## Work to complete
The entries shown here must be retyped in full, with no pictures included.

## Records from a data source
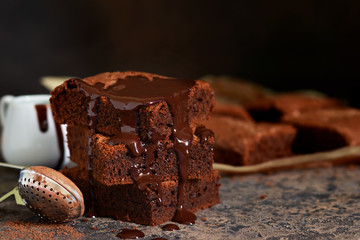 Brownie is a classic American dessert. Pie with chocolate sauce on a dark background.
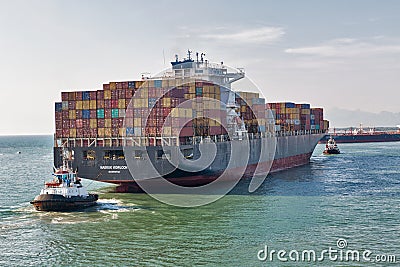 Maersk Kowloon cargo container ship entering port of Livorno, Italy Editorial Stock Photo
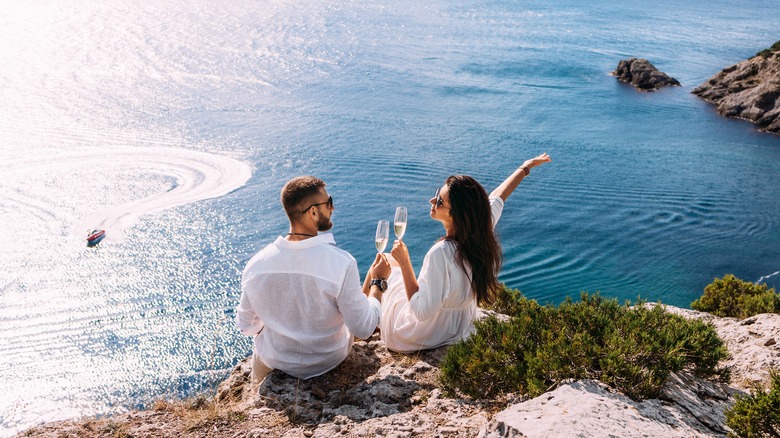 couple drinking champagne seaside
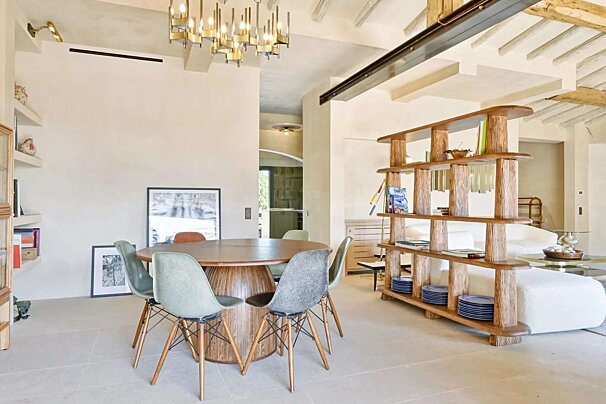 A dining room with a round table and chairs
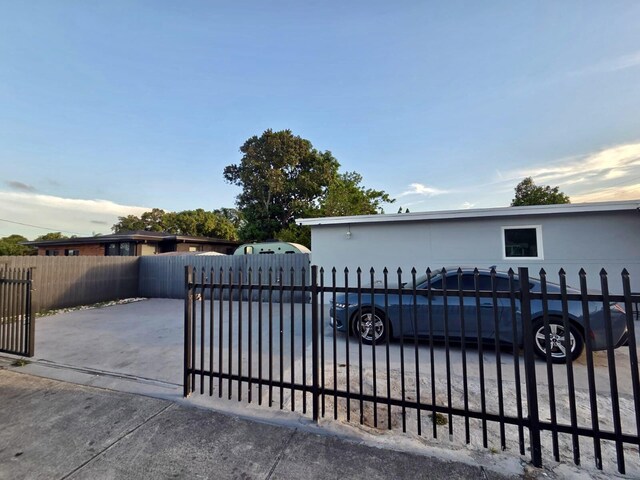 10090 W Fern St, Miami, FL 33157 - view of gate featuring a fenced front yard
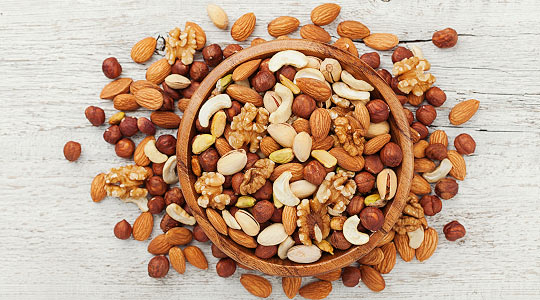 A bowl of mixed nuts including cashews, almonds and peanuts with skin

## Exercise response
 Brownie is a classic American dessert. Pie with chocolate sauce on a dark background.
 Maersk Kowloon cargo container ship entering port of Livorno, Italy Editorial Stock Photo
 couple drinking champagne seaside
 A dining room with a round table and chairs
 10090 W Fern St, Miami, FL 33157 - view of gate featuring a fenced front yard
 A bowl of mixed nuts including cashews, almonds and peanuts with skin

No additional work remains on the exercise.